I especially agree with your point 2 in particular; the assertions using the
URI convey the signified, and in fact in a world of SW agents, there is
nothing else that can be used. Of course different sources may make
different assertions (thereby potentially identifying different signifieds).
Often I will look at the assertions provided by the originator of the URI
(resolver), and use that to try to gain some unity of view of what the
signifier is.
[I am not certain I understand the "URI referent"; is it the URI as
signifier?]
>
> owl:sameAs semantics, with this vocabulary, is that two URIs have the
> same signified (hence certainly the same referent).
And you have to be pretty confident, such as being responsible for
generating the URIs themselves, before you can comfortably make that
statement in a global context.
> But what we are looking for in this discussion is a mechanism to handle
> similarity of the referent, which does not imply sameness of the signified.
> This cannot be achieved by adding extra assertions, since those will
> only add to the signified.
Possibly. But I can't quite see the usefulness of making a statement that 2
signifiers were the same, if I did not also intend to mean the 2 signified
things were the same.
>
> So maybe co-reference mechanism is to be set outside formal semantics.

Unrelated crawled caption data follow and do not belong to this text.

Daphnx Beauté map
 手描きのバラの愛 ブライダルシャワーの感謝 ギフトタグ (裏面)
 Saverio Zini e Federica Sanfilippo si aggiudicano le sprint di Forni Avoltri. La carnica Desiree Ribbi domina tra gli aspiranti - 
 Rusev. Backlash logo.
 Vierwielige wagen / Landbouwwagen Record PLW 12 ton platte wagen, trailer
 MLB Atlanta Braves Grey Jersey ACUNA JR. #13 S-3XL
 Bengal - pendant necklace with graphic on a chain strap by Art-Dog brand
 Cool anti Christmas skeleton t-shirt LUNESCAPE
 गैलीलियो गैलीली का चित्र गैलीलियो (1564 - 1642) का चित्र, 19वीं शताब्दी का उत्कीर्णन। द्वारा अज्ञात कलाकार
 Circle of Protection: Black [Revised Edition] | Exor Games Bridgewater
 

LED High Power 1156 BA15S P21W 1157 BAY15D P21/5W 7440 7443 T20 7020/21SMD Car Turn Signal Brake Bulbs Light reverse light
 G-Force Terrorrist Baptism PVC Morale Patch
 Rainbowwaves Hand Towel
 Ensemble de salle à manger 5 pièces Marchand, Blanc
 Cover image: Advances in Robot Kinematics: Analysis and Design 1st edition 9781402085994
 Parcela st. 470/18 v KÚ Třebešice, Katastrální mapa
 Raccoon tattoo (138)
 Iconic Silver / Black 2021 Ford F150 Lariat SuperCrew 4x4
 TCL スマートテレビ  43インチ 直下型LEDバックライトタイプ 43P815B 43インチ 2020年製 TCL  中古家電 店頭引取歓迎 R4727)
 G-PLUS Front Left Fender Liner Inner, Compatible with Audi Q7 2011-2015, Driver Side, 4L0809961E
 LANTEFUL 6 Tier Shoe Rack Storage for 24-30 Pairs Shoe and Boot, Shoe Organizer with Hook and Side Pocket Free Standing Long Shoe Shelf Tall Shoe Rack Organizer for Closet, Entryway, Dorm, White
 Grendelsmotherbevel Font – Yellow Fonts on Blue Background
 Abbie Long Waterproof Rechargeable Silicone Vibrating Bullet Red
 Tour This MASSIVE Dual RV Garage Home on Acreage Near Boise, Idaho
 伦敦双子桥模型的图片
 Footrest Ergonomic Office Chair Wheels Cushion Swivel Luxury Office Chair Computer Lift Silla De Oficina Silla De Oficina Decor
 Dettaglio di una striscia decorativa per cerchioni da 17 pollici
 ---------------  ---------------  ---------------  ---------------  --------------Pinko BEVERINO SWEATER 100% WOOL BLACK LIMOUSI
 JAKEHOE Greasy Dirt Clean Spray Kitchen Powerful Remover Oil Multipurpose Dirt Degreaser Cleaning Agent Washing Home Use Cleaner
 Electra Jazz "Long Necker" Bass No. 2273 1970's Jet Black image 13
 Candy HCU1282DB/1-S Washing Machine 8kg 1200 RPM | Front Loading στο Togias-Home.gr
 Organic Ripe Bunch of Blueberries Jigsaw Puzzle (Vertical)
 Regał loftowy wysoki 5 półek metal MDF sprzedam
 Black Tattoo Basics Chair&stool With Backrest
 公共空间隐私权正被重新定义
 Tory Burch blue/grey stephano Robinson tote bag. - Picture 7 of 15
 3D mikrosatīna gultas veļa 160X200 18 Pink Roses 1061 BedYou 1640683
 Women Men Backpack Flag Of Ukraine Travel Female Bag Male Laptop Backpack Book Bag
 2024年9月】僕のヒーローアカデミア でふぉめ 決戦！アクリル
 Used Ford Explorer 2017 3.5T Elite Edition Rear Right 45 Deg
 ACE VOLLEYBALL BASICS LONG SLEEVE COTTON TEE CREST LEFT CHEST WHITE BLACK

I think this might be going back to the question of the metadata of an RDF
source (as my CRS data is "just" an RDF source making statements about
coreference).
So the simple co-reference mechanism can stay within the RDF, but we need to
be able to assert properties of the RDF itself. (Which might require
reflection, etc.)
>
> Bernard
>
>
> Hugh Glaser a écrit :
>> And then I hit the wrong button and sent early - sorry.
>>
>> Michael,
>> Many thanks for asking the question.
>> It is very exciting to see this discussion so active.
>> I have been trying to get to the front of the messages to say something, but
>> they just keep coming in!
>> To answer you email:
>> Yes, we have an infrastructure (the Consistent Reference Service, CRS) with
>> which we have been trying to manage co-reference between a bunch of
>> independent SW sites to allow applications to do what they need. It has gone
>> through quite a few revisions over the last few years.
>>
>> Essentially we consider coreference as more knowledge about things, which
>> can be represented in the SW, and can be used by applications if and when
>> they see fit. And as someone said, there is no truth, only opinions.
>> So we need an infrastructure for opinions, but that is the SW.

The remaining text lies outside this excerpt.